Boeing Dreamliner investigation ordered by Japan

Fire engines surround Boeing Dreamliner in Boston
Image caption Several incidents in the past week have raised concerns about the 787 Dreamliner

Japan's transport ministry has launched an investigation into what caused two fuel leaks on a Boeing 787 Dreamliner jet operated by Japan Airlines.

It comes after US authorities started a joint review with Boeing of the plane's manufacturing, design and assembly.

In recent days, flights involving Dreamliners have been affected by an electrical fire and a brake problem amongst others incidents.

However, US officials have said the plane is safe.

At the weekend, the Japan Airlines (JAL) Dreamliner jet undergoing checks after a fuel leak at Boston Airport again leaked fuel. The leaks were valve-related.
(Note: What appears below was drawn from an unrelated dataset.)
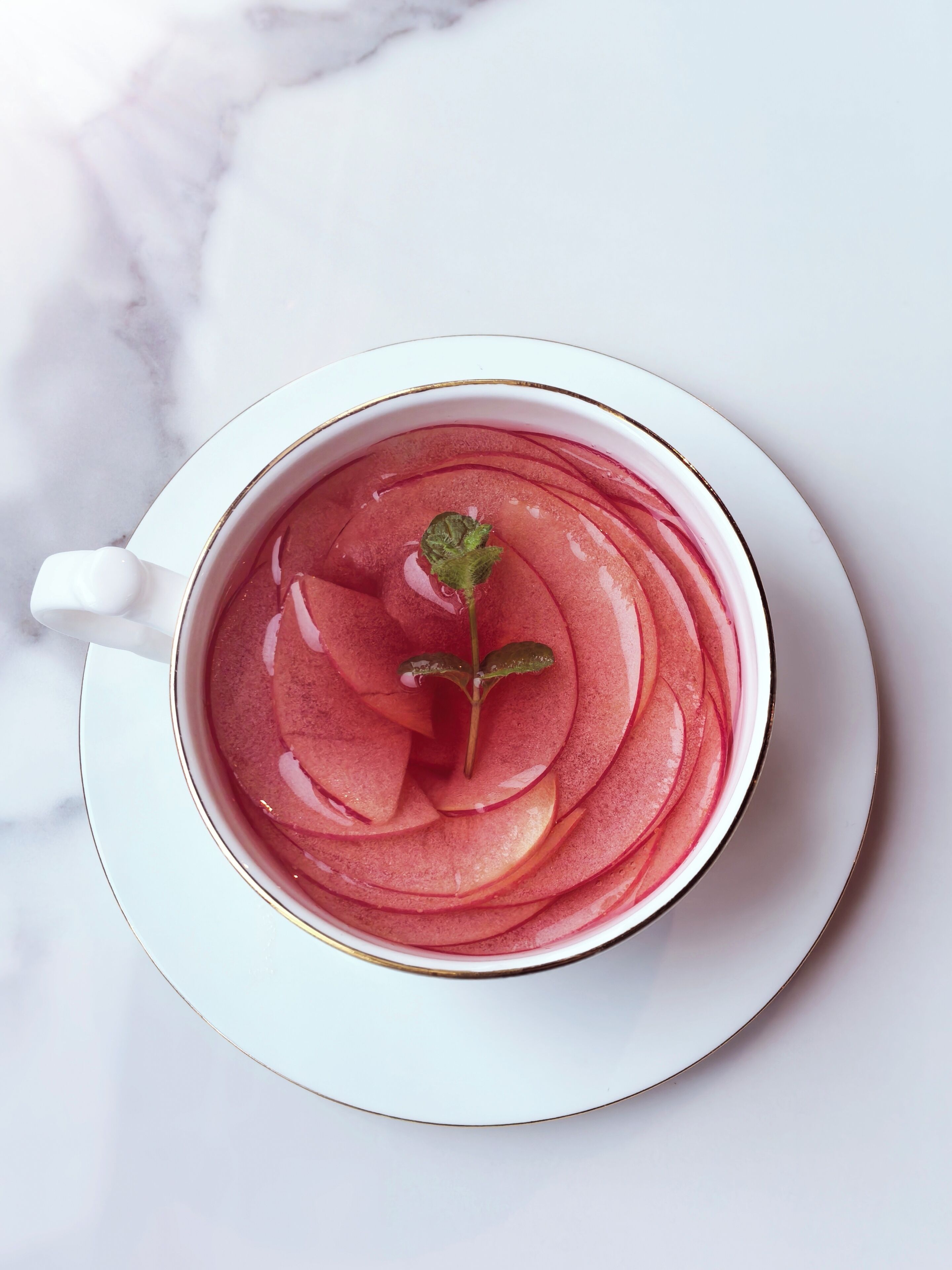 A cup of pink beverage with a leaf garnish on a white saucer.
"Given the fuel leakage incidents occurred in succession, the minister directed the aviation director of the Regional Civil Aviation Bureau to open an investigation and find the causes of the two leaks as soon as possible," the ministry said in a statement.

Japanese authorities said they would work with Boeing and the US Federal Aviation Administration (FAA), which launched an investigation in the US on Friday.

The FAA said the aircraft was safe to fly, but needed a comprehensive review to ensure there were no flaws to be corrected.

Of the 50 Dreamliners delivered to date, 24 of them are being operated in Japan by JAL and rival All Nippon Airways.

However, the quick succession with which the incidents have taken place has intensified scrutiny on the aircraft.

The 787 is the first aircraft made mainly from carbon-composite. The lightweight material is said to cut fuel costs, a major expense for airlines.